Porém, além da pintura, enquanto representativa de estampa em relação com o
cultural, o cotidiano e o religioso de uma coletividade, a estampa e seu laconismo funcionam
também como um instantâneo advindo da memória, “fotografia” rápida de um momento, foto
revelada da memória, instante que se finge captado, apreendido, pela lente da memória,
apoiado na descrição de uma escrita lacônica, que sugere necessitar do receptor dessas
imagens, na busca de um nexo, de um antes e depois da tomada da fotografia, na busca de
sujeitos, na busca de saber e entender quem é agente e quem é paciente nestas, destas fotos,
imagens, instantâneos, estampas lacônicas. Eis daí outra vinculação, pois subsequentes a estes
instantâneos, a estas estampas estão vinculados os contos seguintes, não necessariamente de
modo esquemático, a título de causa e efeito, porque não são todas as estampas que
apresentam, que têm relação estrita com o conto que as sucedem.

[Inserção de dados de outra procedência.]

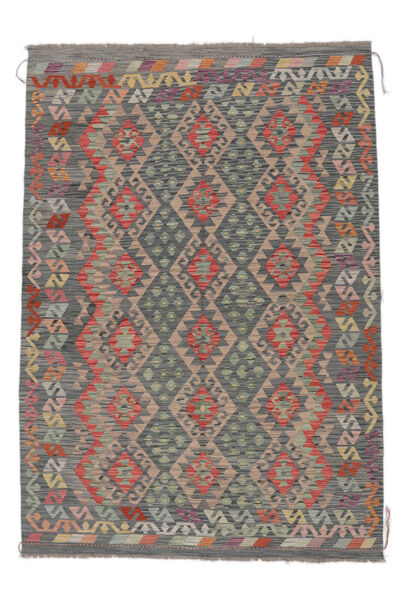  174X247 Kelim Afghan Old Style Teppe Ull, Carpetvista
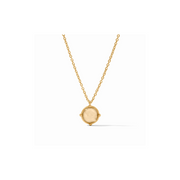 Honeybee Solitaire Necklace -Iridescent Champagne/Gold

Mas, tal vinculação é dada à
ordem de seu tamanho. Enquanto a estampa se assemelha a um instantâneo, o conto, o
capítulo que a sucede é maior, é algo mais extenso. Assim, nessa hierarquização de
brevidades, por ainda ser breve sugere a brevidade de uma fotografia mais detida, advinda de
um fragmento de memória mais trabalhado (talvez no tempo maior que teve o narrador para
pensá-las no conto final, conto conclusão “Debajo de la casa”, como veremos melhor no
capítulo dois desta tese).
Entretanto, enquanto as estampas-instantâneos trazem uma ou outra cor a mais,
próprias da e necessárias para a descrição impressa na carga breve de sua narratividade, os
contos-capítulos que as sucedem têm, em seu laconismo, no rumor que deixam suas
(in)conclusões, aproximação maior com outro tipo de fotografia, a que se revela em preto e
branco. Sim, pois na dureza e secura do narrado lacônico que apresentam, as narrativas dos
contos pós-estampas deixam algo por conta do receptor; faltam-lhes “cores”, presas, caladas
dentro do leitor-receptor das palavras que o tragam para dentro da narrativa. Esse algo a mais
pensará o leitor, tornando a ler os contos, suas estampas precedentes e dando a volta inteira,
como sugere o narrador na abertura, com os nexos estabelecidos em relação de troca nos
contos introdução e conclusão. Mas, a remissão a essas fotos em preto e branco não é fruto de
mera abstração descabida ou gratuita. É, antes, fruto do contato evidente da obra de Tomás
Rivera para com a de Juan Rulfo, aspecto que melhor defino no tópico 2.1 desta tese.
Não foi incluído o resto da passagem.